Corbelli puts reasons for all those machinations into three buckets: vertical integration on the technology side, reach across screens and distribution points and “the ability to offer great content in this three-screen, streaming world,” the Chairman and CEO of BrightLine says in this interview with Beet.TV.

Originally known for its pioneering dynamic television ad solutions for brands, BrightLine early in 2018 launched DataCast, a unified OTT data platform that enables advertisers to target and measure across mobile, desktop and television screens. DataCast links commonly sought audience segments to TV screens—for example automobile purchase intenders—then identifies specific households within the BrightLine OTT footprint that match the target audience segments. Targeted campaigns using enhanced and/or traditional TV commercials can be sent to those households.

For DataCast, BrightLine’s media partners integrate the company’s technology within their OTT apps across the full OTT device footprint, including FireTV, AppleTV, Roku, Xbox, PlayStation, Samsung, IOS and Android. Household reach is currently 68 million.

Corbelli’s perspective helps to make sense of the seemingly frantic consolidation happening in the TV space. “You see AT&T trying to combine its distribution assets and the content that Time Warner owns. You see the AppNexus acquisition as being part of how digital becomes truly integrated with not just desktop and mobile but also telecom and television.”

She sees something similar happening with “the fight for Fox, as I call it. Very specifically, there’s a content play there, a content rollup, there’s a distribution play. It’s why Sky is as important as it is to Comcast.”

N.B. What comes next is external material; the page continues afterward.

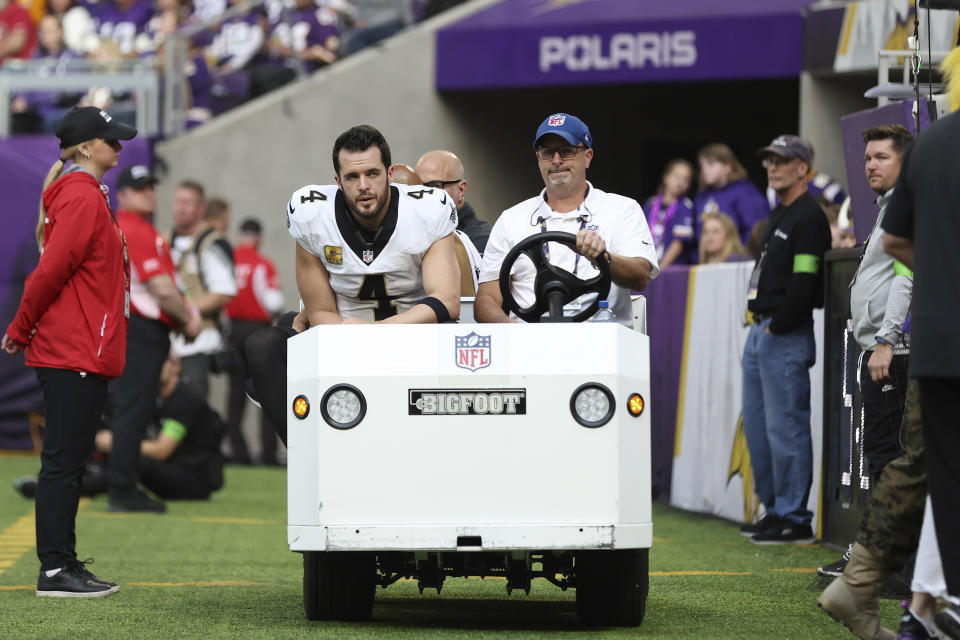 New Orleans Saints quarterback Derek Carr (4) is carted off the field during the second half of an NFL football game against the Minnesota Vikings Sunday, Nov. 12, 2023, in Minneapolis. (AP Photo/Matt Krohn)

Meanwhile, she considers Hulu as the strongest ad-supported asset “that any media company could own in a space that is exploding. They’ve got 60% of all streams right now in the ad-supported environment. Not surprisingly, it feels a little bit like a free-for-all for who owns Hulu.”

Finally there’s Netflix, which in some quarters is considered to be an eventual convert to ad-supported content. “I think folks like Netflix are in for some challenges with all this consolidation going on,” says Corbelli, noting that Amazon is talking about offering ads on pre-roll. “I think that’s how the models start to shake out. You’re going to see a combination of subscription revenue and ad revenue and you start to see a lot of common models out there.”

This segment is from a Beet.TV series “It’s an OTT World” presented by BrightLine. Please visit this page for additional videos.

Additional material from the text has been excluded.